I was terribly busy yesterday and was almost nonstop from 830 till 5.  Traveling to and from...kufambafamba.
I felt like I could have eaten an army of men at 8pm, I was still hungry.  But am slowly losing weight, so am happy.

Cannot join Y for free, costs me $22.50 per month, not bad if I had reoccuring money.

Still waiting for an Elder to call me back.  i feel foolish for thinking $800 might come for my car, but that is Satan, as i do believe and trust my Shepherd.

Mary called yesterday, asking about my storage area and Bill and Luke would come and clear it for me, on Sunday.  Possibly.
I will know they are Christians by their love. . . . no one else!!  Not John nor Larry (esp) would volunteer to help...but Bill from Woodstock?  Maybe I should ask Don if he is willing to help.
It is a matter of unselfishness and their care that brings me to this point of sobbing.

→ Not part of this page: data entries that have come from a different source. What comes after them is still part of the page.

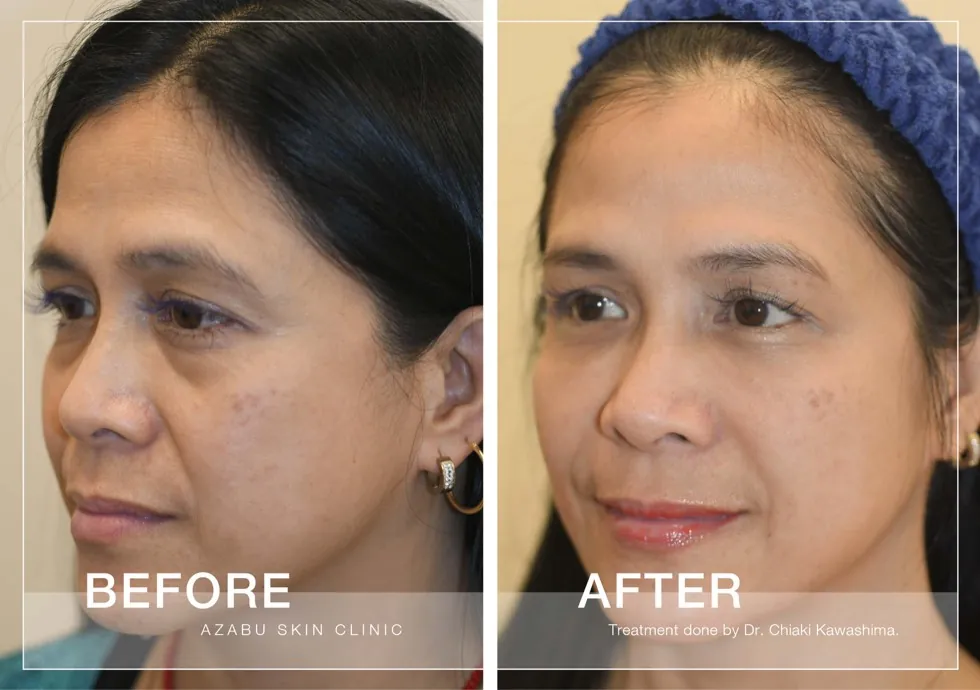 Before and after sagging skin treatment case from Azabu Skin Clinic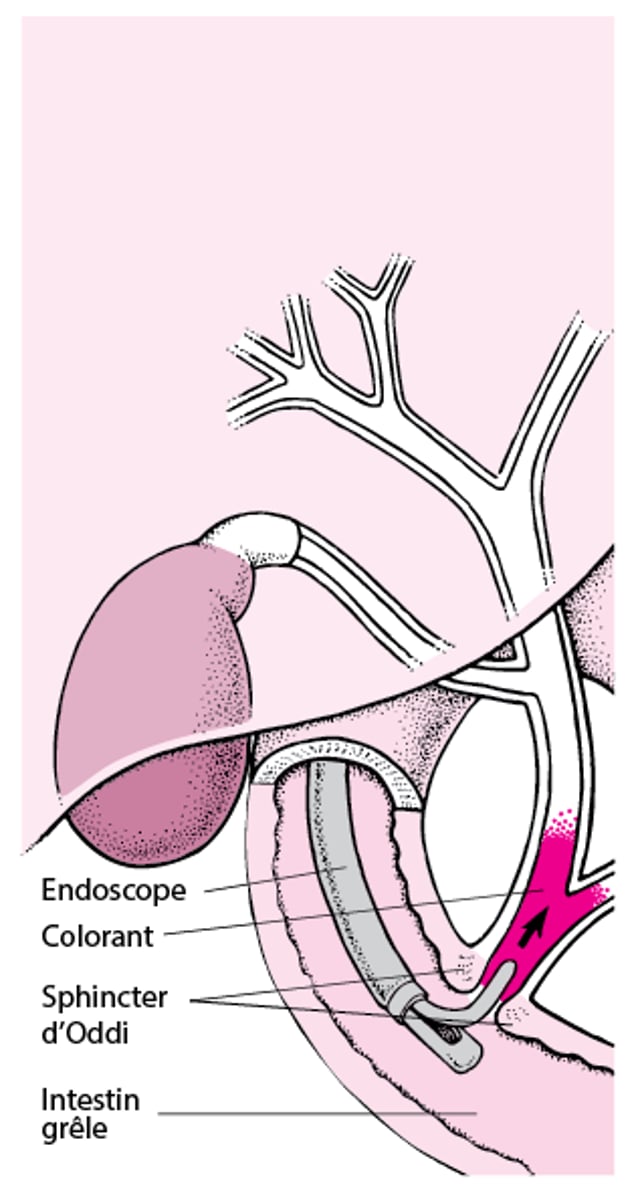 Comprendre la cholangiopancréatographie rétrograde endoscopique (CPRE)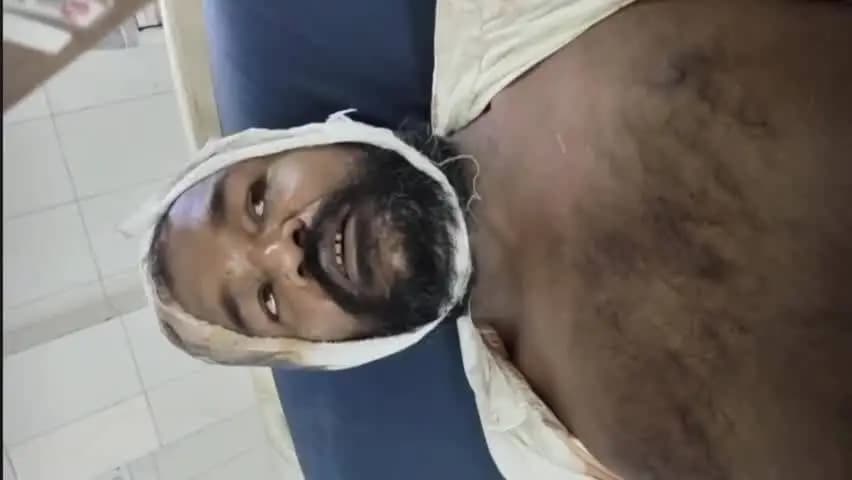 बेल्थरा रोड: भूमि विवाद में नगरा थाना क्षेत्र के नागरिक विकास पार्टी के मंडल अध्यक्ष पर जानलेवा हमले का आरोप, मऊ में चल रहा इलाज
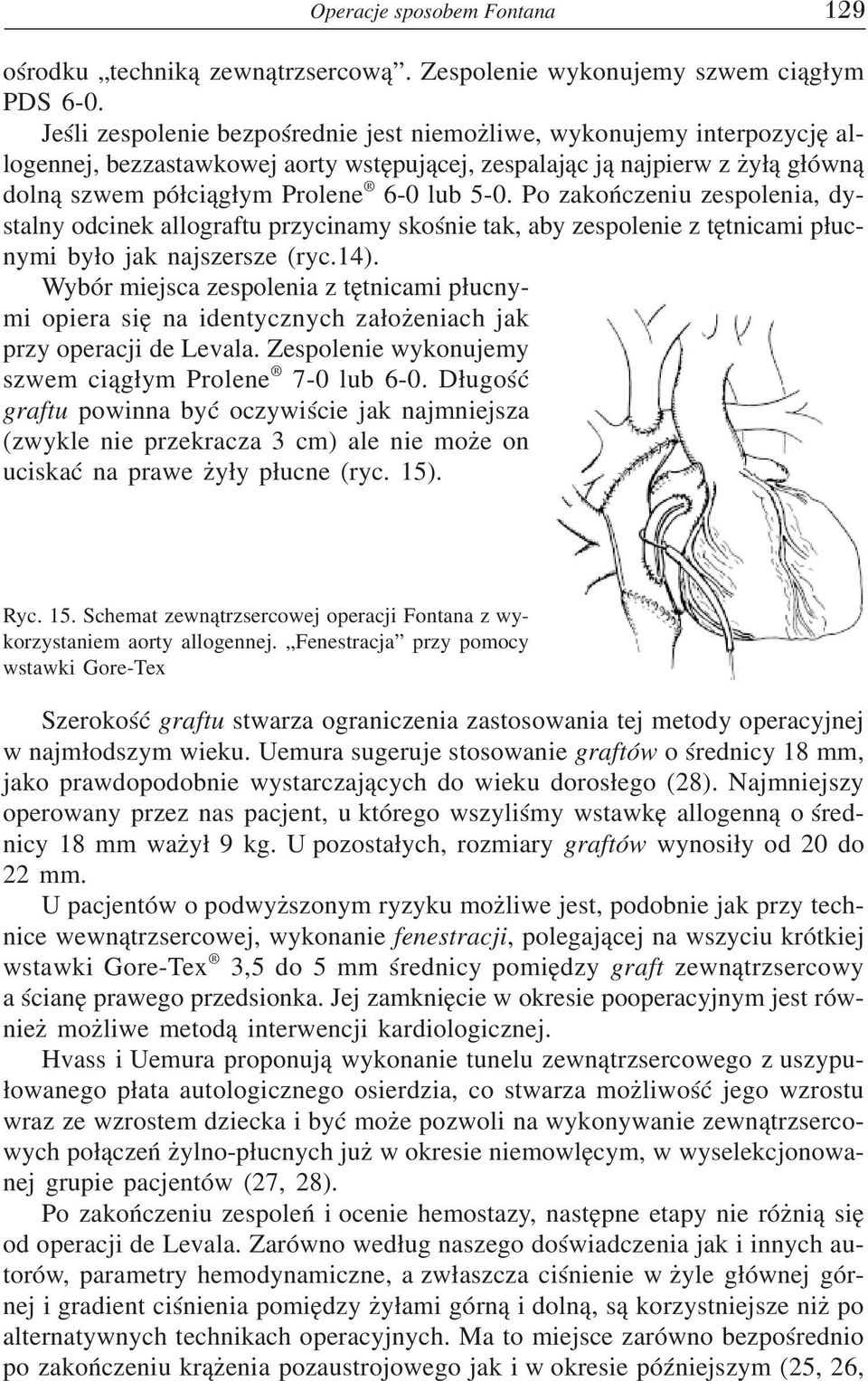 Po zakończeniu zespolenia, dy stalny odcinek allograftu przycinamy skośnie tak, aby zespolenie z tętnicami płuc nymi było jak najszersze (ryc.14).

I still do NOT know if I get disability, but I surely should have gotten it on the last medical reports.  My heart was very sick when I was taking care of mum.


I do not know why I am crying and cant keep it together.
Amyriad of things go through my mind . . .  Matt, Mark, Mary and Bill, Stephanie and I sob...sob about what is was and might come but have n oidea what this feeling is inside of me except some sort of dreadful // anticiaption.